Back when I had only my steer, he would try to jump on my sometimes, which I was luckily able to avoid by jumping away (I don't think having a 1000+ lbs steer jump on you is good for your back LOL) I don't remember if it was during my periods or ovulating times though. Maybe though a bull kept alone is more sensitive to anything that might be in "heat" then a bull kept in a herd were he can regularly satisfy his lusts????


----------



## no nonsense (Oct 22, 2009)

amysflock said:
			
		

> Hi, all,
> 
> I was supposed to be out picking bracken fern in the pasture today so it was gone before our friend comes over to brush hog...and then it occurred to me that I am ovulating and we have a bull visiting the property. I have heard it's very dangerous for women to be near bulls during certain times of their monthly cycles, and while I'm not sure if it's true or not, I decided not to test it while I'm home alone.
> 
> So...anyone know whether this is fact or fiction? Thanks!

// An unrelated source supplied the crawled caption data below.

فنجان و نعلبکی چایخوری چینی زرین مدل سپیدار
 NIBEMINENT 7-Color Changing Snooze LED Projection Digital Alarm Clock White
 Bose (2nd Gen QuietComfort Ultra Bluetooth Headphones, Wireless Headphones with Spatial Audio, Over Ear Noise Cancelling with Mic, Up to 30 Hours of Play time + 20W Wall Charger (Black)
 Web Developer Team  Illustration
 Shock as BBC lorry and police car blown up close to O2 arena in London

Male, female, ovulating or not, it's never a good idea for any human to be alone with a bull, period. A lot of the examples in this thread are things that can and do happen to men all the time, when dealing with bulls, so even if they were encouraged in those particular cases by a woman's cycle, it doesn't really matter. Bottom line, use proper handling techiniques for your animals at all times, especially bulls, and it really won't matter who you are or what your condition is.


----------